Together, they allow a US company’s foreign subsidiary to be invisible to the IRS for tax purposes, allowing them to defer taxes on “passive income” like royalties, interest and dividends that would otherwise be taxed.
That gives companies the ability to shift intellectual property overseas and construct complicated networks of loans between related subsidiaries, all to lower their tax bill.
“If there was not that exception, every time Apple paid royalties to its Bermuda subsidiary or Cayman Island subsidiary for using the Apple logo, and every time the Irish subsidiary paid those same royalties for using the Apple logo, it would immediately be taxable in the US,” says Rebecca Wilkins, the senior tax counsel at the Institute on Taxation and Economic Policy.
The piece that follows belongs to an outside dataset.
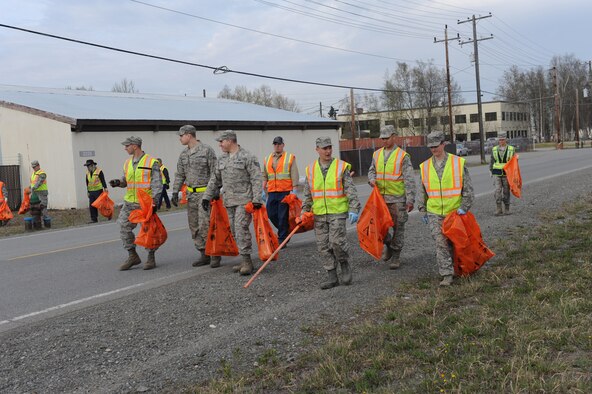 Airmen with the 773d Civil Engineer Squadron scan for trash and debris as they walk down a road on Joint Base Elmendorf-Richardson, Alaska, May 5, 2014. JBER conducted Operation Clean Sweep in support of the Anchorage Chamber of Commerce's 46th Annual Citywide Cleanup Campaign. (U.S. Air Force photo/Senior Airman Omari Bernard)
These tax breaks—which together cost $80 billion over 10 years—are prized by the multinationals that take advantage of them to dramatically lower their tax rates, from Google to GE to Apple. Many companies note in their financial reports that failure to renew the breaks would significantly impact their earnings, and say they are necessary to compete in countries with lower corporate tax rates.
The existence of these loopholes has politicians in Ireland and other states that are criticized for their tax policy crying hypocrisy: It takes two to tango.
Sure, companies like Koch Industries, the petroleum conglomerate owned by major conservative donors David and Charles Koch, made back-room deals with Luxembourg to avoid corporate taxes.
But in the US, politicians from both parties will publicly sign off on offshore profit-shifting for any multinational firm, leaving domestic companies, individual taxpayers, and public borrowing to pick up the slack.